On 5 June, Israeli prime minister Benjamin Netanyahu acknowledged that his administration had been working with “clans in Gaza”. What exactly does this mean? Well, two Israeli officials elaborated on this to the New York Times, telling the paper that Israel had been providing weapons to Yasser Abu Shabab, a militia leader in southern Gaza. Abu Shabab presents his group as an opposing force to Hamas, and says it is protecting aid trucks. Within Gaza, however, it is widely known that the gang does quite the opposite, looting trucks and intimidating locals (Abu Shabab told interviewers that he took only enough aid to feed himself and his family).

One cannot analyse the phenomenon of Abu Shabab without considering Israel’s stated goals in its current war: dismantle the capabilities of the Palestinian resistance, end Hamas’s rule, and recover the hostages. Achieving these goals necessarily involves thinking about the day after the war. Netanyahu has made clear that postwar Gaza would not be “Fatahistan” or “Hamastan”, as well assignalling his absolute rejection of returning the Palestinian Authority to govern the strip. Israel did not wage this war to unify Palestinian territories under one authority. On the contrary, for more than 18 years, political division within Palestine has been cultivated by Israel, which has always adopted a hardline stance against any form of Palestinian political rapprochement.

Partners in crime.

Netanyahu has repeatedly expressed that maintaining Palestinian political division serves Israel’s interests. During his terms, he even used Mossad to transfer funds from Qatar into Gaza to support Hamas’s rule and sustain the split between Hamas and other Palestinian political groups. This division served as Israel’s main excuse for avoiding peace commitments since the start of the second intifada in 2000, as Israeli society shifted sharply to the right.

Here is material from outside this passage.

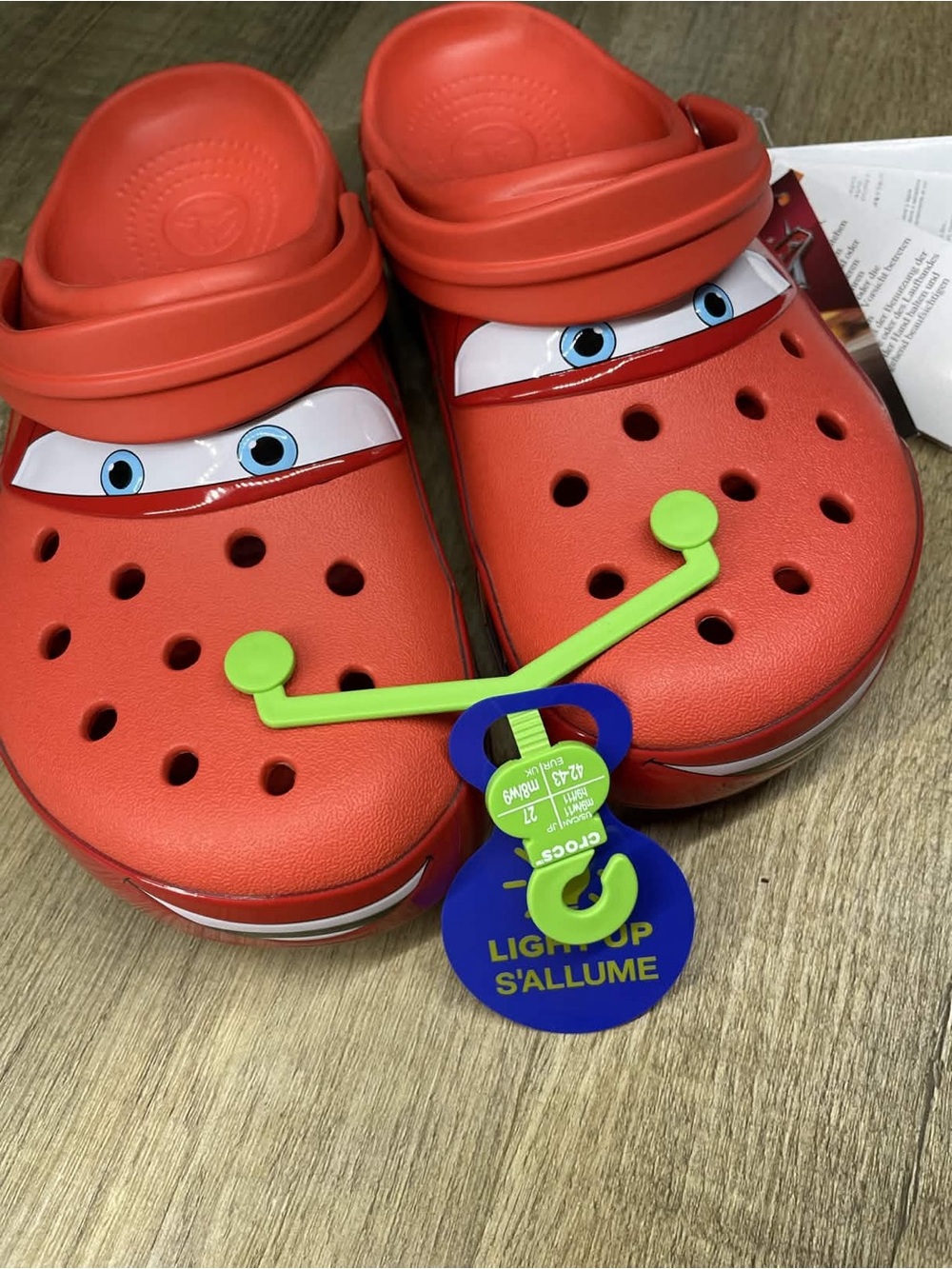 Crocs Disney Cars Lightning McQueen Light-Up Clogs Men’s 11 NWT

From the outset, Israel’s approach during this war has been aimed at dismantling Palestinian social and political structures, turning Gazan society into fragmented groups fighting for survival. Consequently, Israeli strikes have focused heavily on government buildings, especially those of the Palestinian security forces, judicial buildings and the Palestinian civil police.

Israel’s actions have driven Gaza into a humanitarian crisis, using starvation weapons and siege, restricting aid entry to further its goal of breaking Palestinian society and destroying its internal social peace. By stripping Palestinian victims of their humanity, Israel forced Gazans into survivalist factions vying for aid distribution – leading, inevitably, to societal collapse.

Early in the war, Israel sought alternative bodies with which to interact in Gaza and the West Bank separate from Hamas in Gaza City or the Palestinian Authority in Ramallah. In Gaza, Israel has turned to clans and community elders (mukhtars) to receive and distribute aid. But this has failed: families across Gaza have largely rejected Israel’s overtures, seeing them as a ploy to shape a postwar Gaza under Israeli-aligned local leadership.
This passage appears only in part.